Aim of the exercise → Retype every line from the start of the data down to and including the line with "Ecd-Germany - Set". Skip the pictures.

(Scraped caption text data)
+-------+

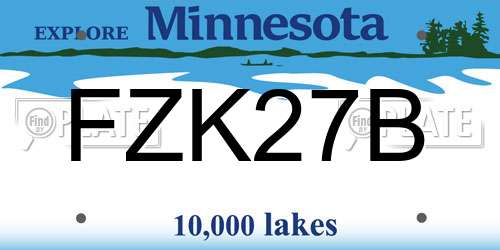 FZK27B Minnesota License Plate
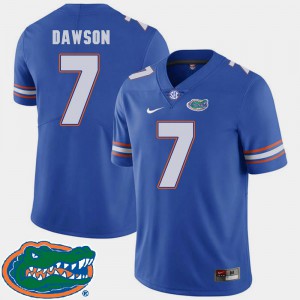 Mens Florida #7 Duke Dawson Royal College Football 2018 SEC Jersey 540432-459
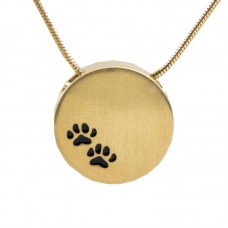 Paw Prints Cremation Urn Necklace - Bronze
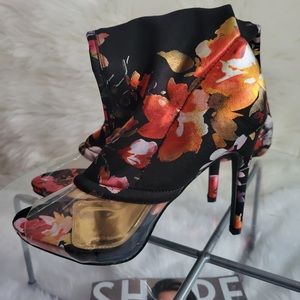 OPEN PEEP TOE STILETTO OVER THE KNEE SOCK BOOT IN BLACK FLORAL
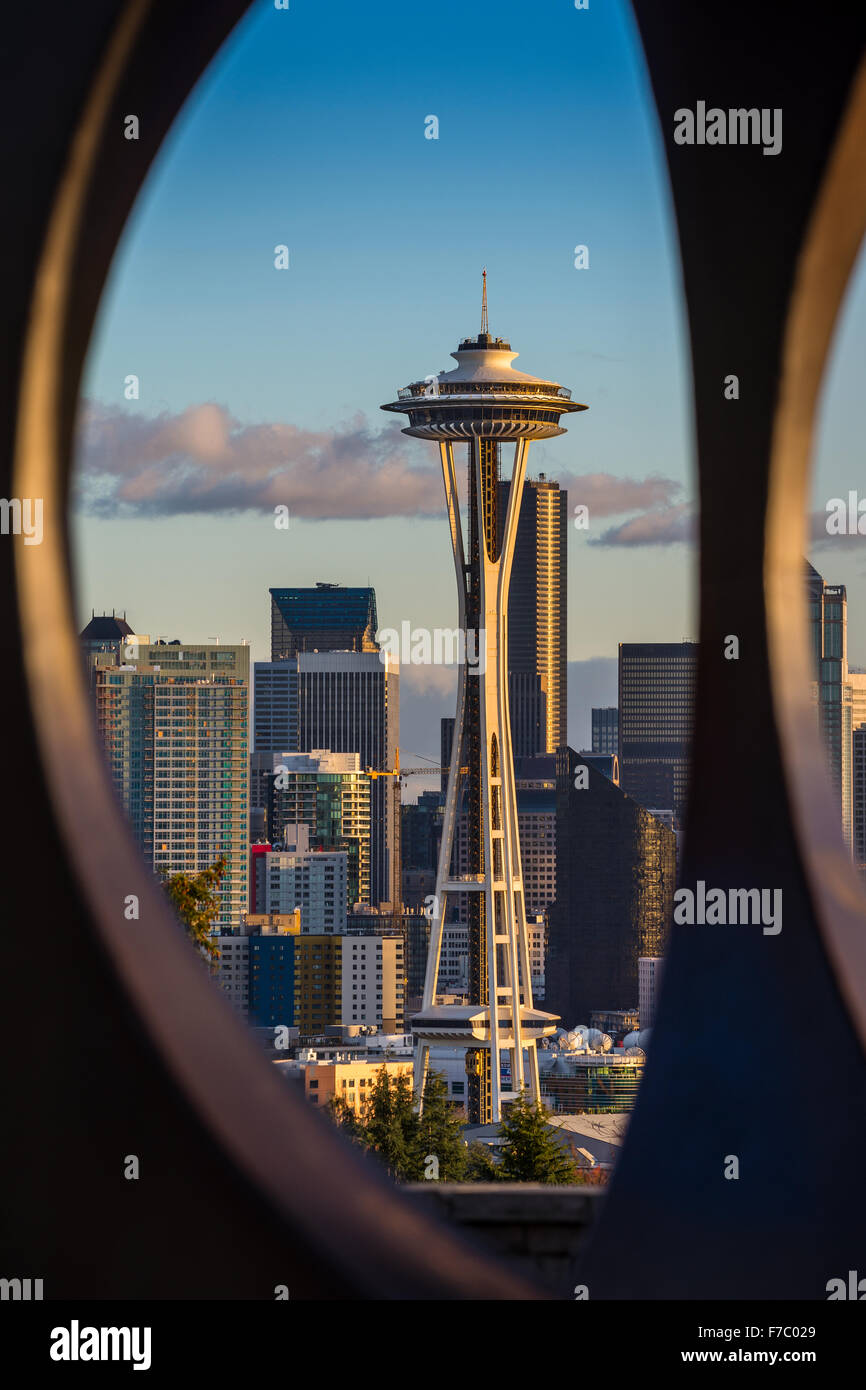 Seattle Washington Skyline from famous Kerry Park. Stock Photo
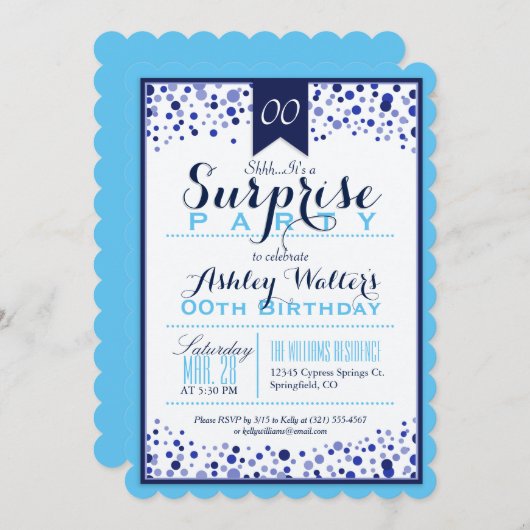 Sky Blue, White, Navy Blue Überraschungs-Party Einladung (Vorne/Hinten)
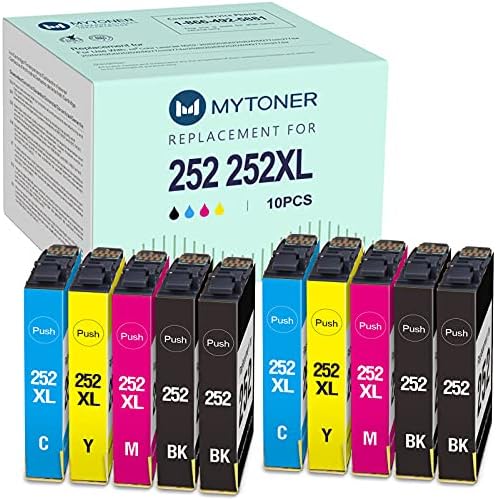 Mytoner מחלקת דיו מיוצר מחדש החלפת EPSON 252XL 252 XL 252 דיו לכוח העבודה WF-7710 WF-7720 WF-3620 WF-3640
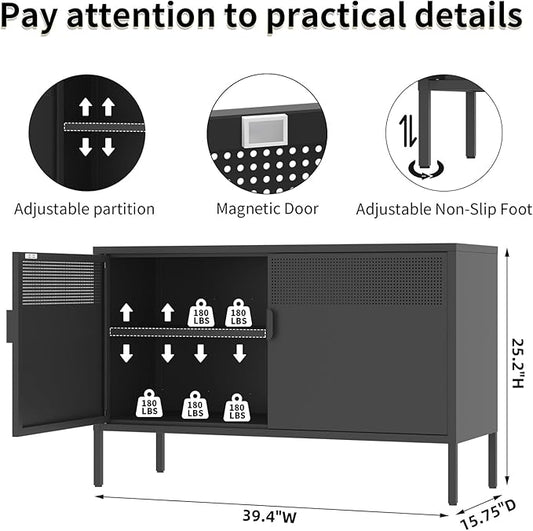 Black Metal Storage Cabinet with 2 Doors - 25''H TV Stand, 2 Tier Locker with Adjustable Shelves, Multipurpose TV Cabinet for Office, Home, Living Room, Kitchen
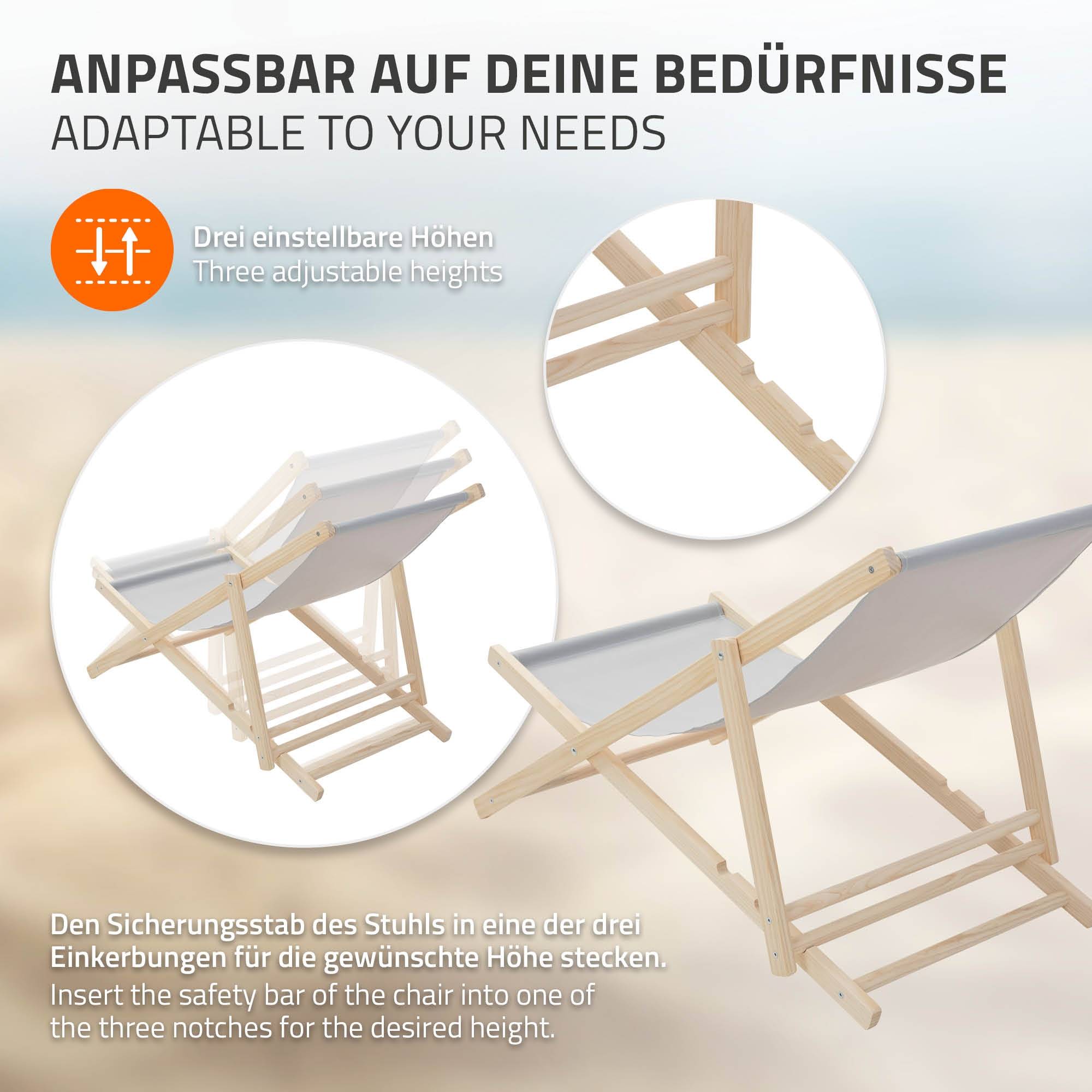 Ecd-Germany - Set 10x Chaise longue de jardin pliable gris clair en bois chiliennes 3 positions de couchage jusqu'à 120 kg usage intérieur extérieur balcon terrasse - Image 5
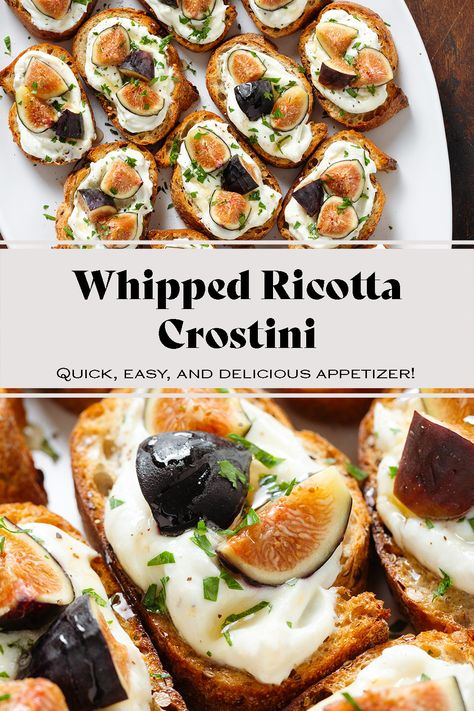 This Whipped Ricotta Crostini is the perfect appetizer for fall and winter and especially the holiday season! Creamy whipped ricotta is mixed with lemon, garlic, and hot honey, spread on crispy toasted baguette, and topped with fresh figs. It's easy to make into a big batch and it can be ready in just 20 minutes! Fig Ricotta Appetizer, Whipped Ricotta Crostini, Whipped Ricotta Appetizer, Winter Finger Foods, Crostini Appetizers Easy, Birthday Finger Foods, Whipped Feta Crostini, Fig Crostini, Green Beans With Cranberries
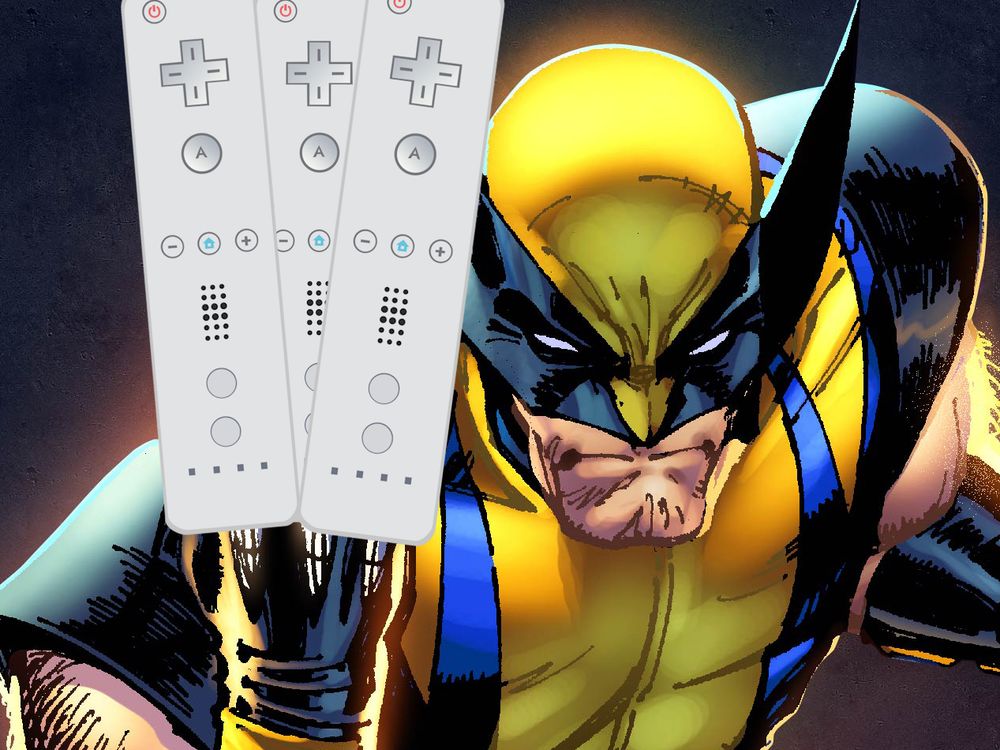 Wolverine with wii remote claws.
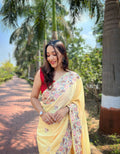 Vamsee Chinon Panchi Light Yellow Shimmer Saree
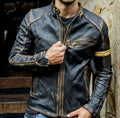 Leather Jacket with Relaxed Fit and Multiple Pockets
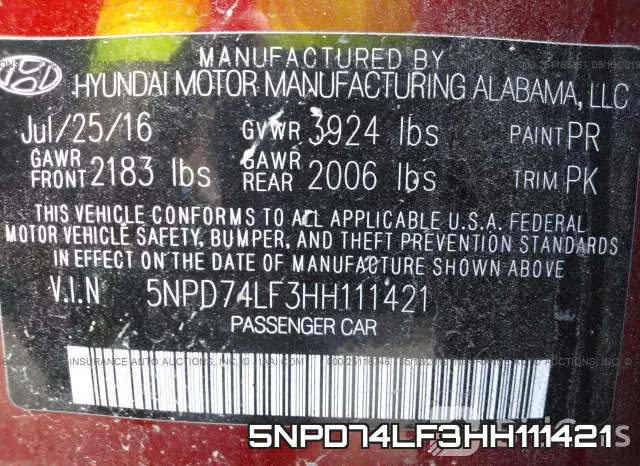 5NPD74LF3HH111421 фото 10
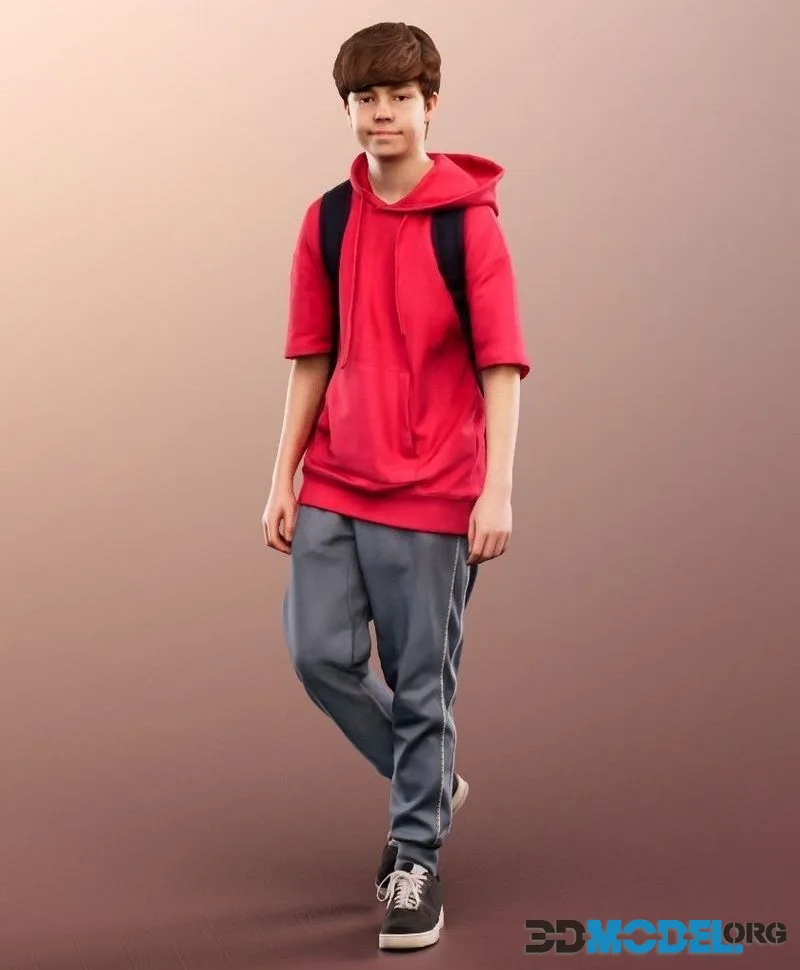 Boy With Backpack Walking low-poly (PBR)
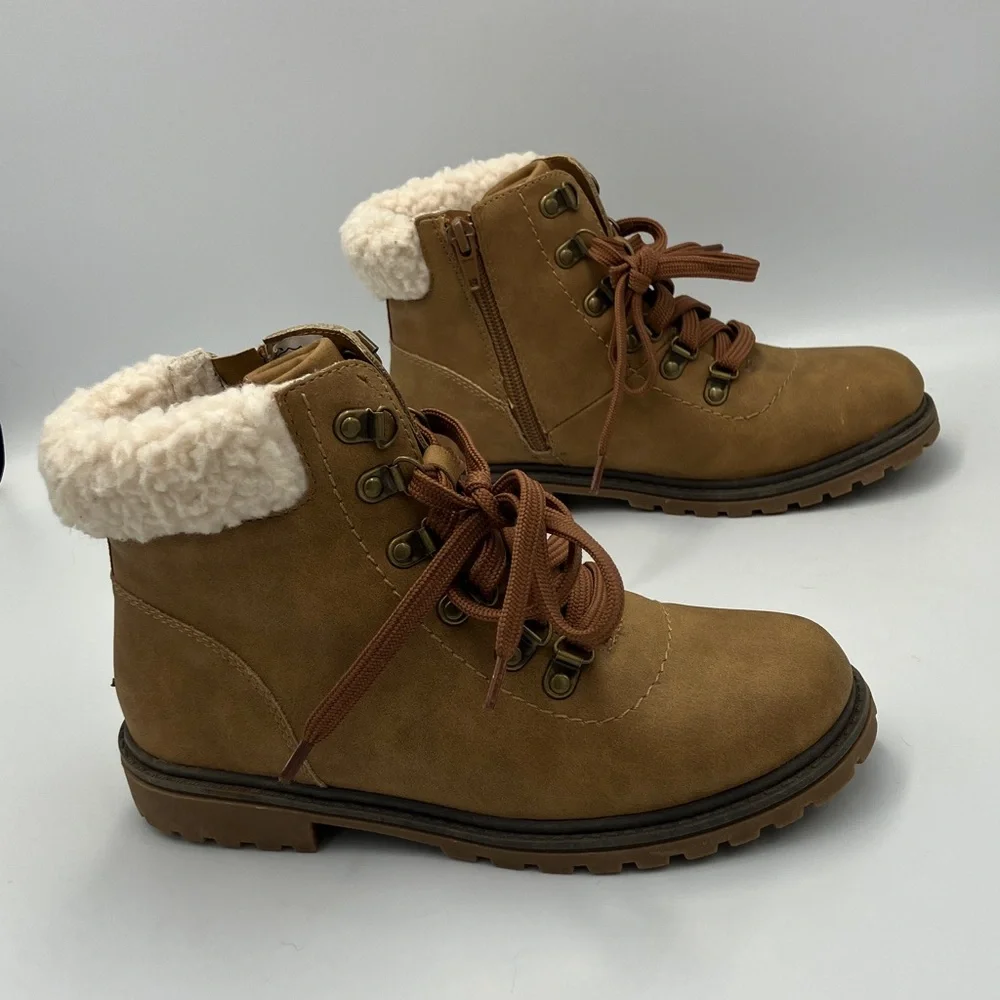 Walkx Kids Sherlong Lined Lace-Up Ankle Boots - Tan/ Medium Brown 34 EU / 2.5
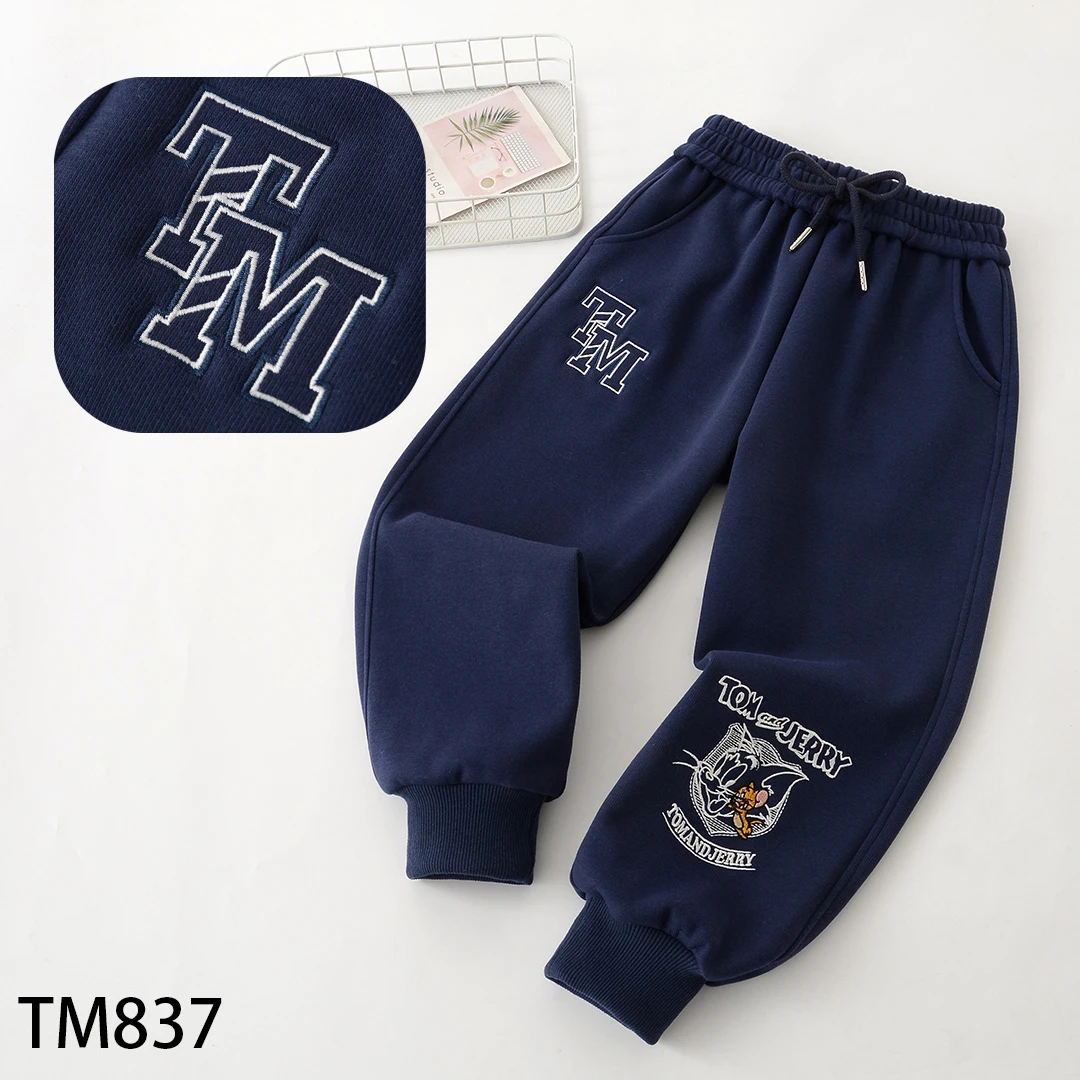 TM837儿童长裤2025年春季新款重工刺绣卡通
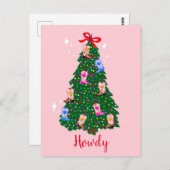 Modern Howdy Cowgirl Western Boots Weihnachten Postkarte (Vorne/Hinten)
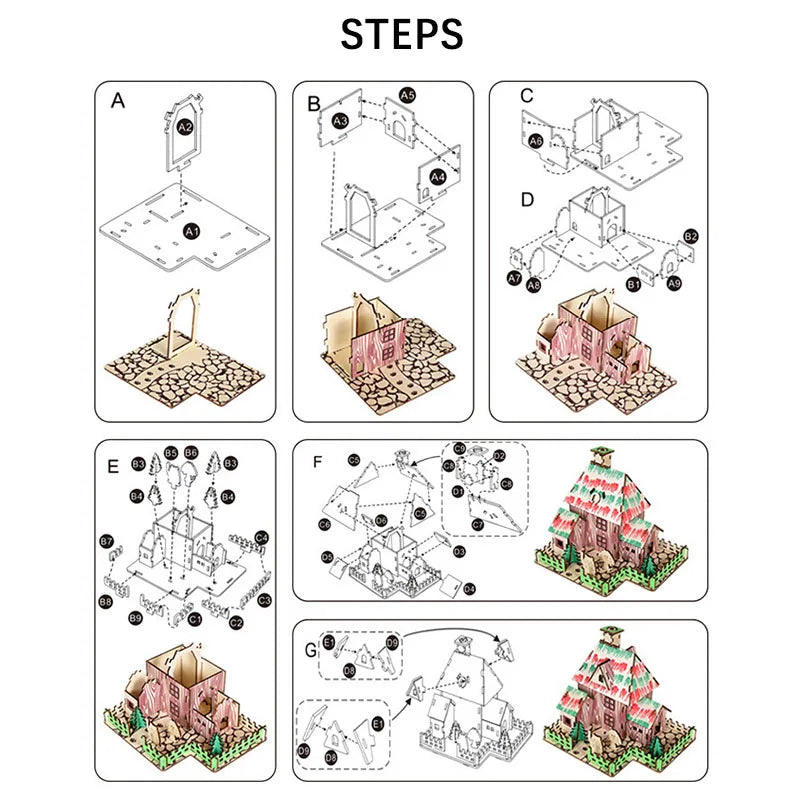 Robot Wooden 3D Puzzle Model Toy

+-------+

Task answer →
 FZK27B Minnesota License Plate
 Mens Florida #7 Duke Dawson Royal College Football 2018 SEC Jersey 540432-459
 Paw Prints Cremation Urn Necklace - Bronze
 OPEN PEEP TOE STILETTO OVER THE KNEE SOCK BOOT IN BLACK FLORAL
 Seattle Washington Skyline from famous Kerry Park. Stock Photo
 Sky Blue, White, Navy Blue Überraschungs-Party Einladung (Vorne/Hinten)
 Mytoner מחלקת דיו מיוצר מחדש החלפת EPSON 252XL 252 XL 252 דיו לכוח העבודה WF-7710 WF-7720 WF-3620 WF-3640
 Black Metal Storage Cabinet with 2 Doors - 25''H TV Stand, 2 Tier Locker with Adjustable Shelves, Multipurpose TV Cabinet for Office, Home, Living Room, Kitchen
 Ecd-Germany - Set 10x Chaise longue de jardin pliable gris clair en bois chiliennes 3 positions de couchage jusqu'à 120 kg usage intérieur extérieur balcon terrasse - Image 5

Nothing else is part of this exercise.